The entire 1,140-nucleotide region of the cytochrome b gene of mtDNA was amplified by PCR, as previously described [17, 18], to confirm the taxonomic identity of the hantavirus-infected shrew and to examine its phylogenetic relationship to other shrew hosts.

Results and Discussion

RT-PCR and sequence analysis

In analyzing lung tissues from 39 Buettikofer's shrews (Crocidura buettikoferi), 5 Jouvenet's shrews (Crocidura jouvenetae), 9 West African pygmy shrews (Crocidura obscurior) and 21 African giant shrews (Crocidura olivieri) by RT-PCR using multiple primer pairs, novel hantavirus RNAs were detected in a West African pygmy shrew, captured in Azagny National Park (latitude, 5°14.5' N; longitude, 4°48.1' W), Côte d'Ivoire, on December 15, 2009 (Figure 1). The identity of the West African pygmy shrew (GenBank JF276229), in which AZGV was detected, was confirmed by phylogenetic analysis of the 1,140-nucleotide mtDNA cytochrome b gene (results not shown).
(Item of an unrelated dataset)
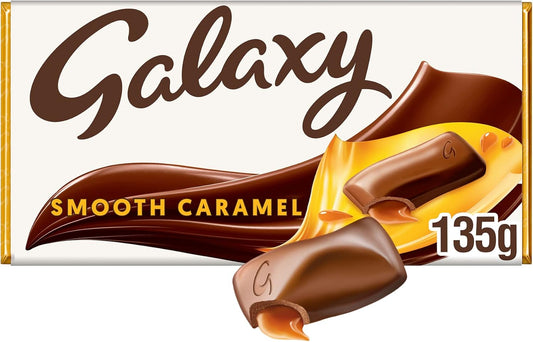 Galaxy Smooth Caramel Chocolate Bar, 135g X3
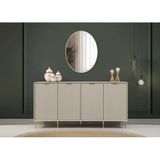 Minar Kale Luxe Konsol Aynalı Set - Kumtaşı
Although hantavirus RNAs were not found in tissues of the other three African crocidurine shrew species tested, we believe it is simply because suitable oligonucleotide primers were not designed. This conjecture is based on our past experience of repeated failed attempts before the successful detection of soricomorph-borne hantaviruses [1719]. Thus, continuing efforts are ongoing to retest these specimens, and future expeditions are being planned to collect tissues suitable for virus isolation attempts.

Despite intensive efforts to obtain the full genome of AZGV, the inability to effectively design primers for this novel hantavirus and the limited amount of available RNA were obstacles too great to overcome. Nevertheless, pairwise alignment and comparison of partial S-, M- and L-genomic segment sequences of AZGV with representative rodent- and soricid-borne hantaviruses clearly demonstrated that AZGV was genetically distinct (Table 1). AZGV was most closely related to TGNV from neighboring Guinea and was highly divergent from TPMV and MJNV, two crocidurine shrew-borne hantaviruses from Asia.

Table 1 Sequence similarities (%) of the partial S, M and L segments of AZGV strain KBM15 and representative hantaviruses harbored by rodents and soricomorphs

In a 540-nucleotide region of the AZGV S segment (GenBank JF276226), the hypothetical nonstructural protein (NSs) open-reading frame, found in arvicolid, neotomine and sigmodontine rodent-borne hantaviruses, was absent. Analysis of a 687-nucleotide region of the AZGV M-genomic segment (GenBank JF276227), which spanned the Gn-Gc juncture, showed the highly conserved WAASA amino acid motif cleavage site at positions 167 to 171. Potential N-linked glycosylation sites were found at amino acid positions 46, 118 and 142 in the Gn glycoprotein and 179 and 216 in the Gc gylcoprotein. Analysis of the nearly full-length 4,548-nucleotide AZGV L-genomic segment (GenBank JF276228), encoding an incomplete RNA-dependent RNA polymerase of 1,516 amino acids, showed conservation of the five major motifs, designated A, B, C, D and E [38].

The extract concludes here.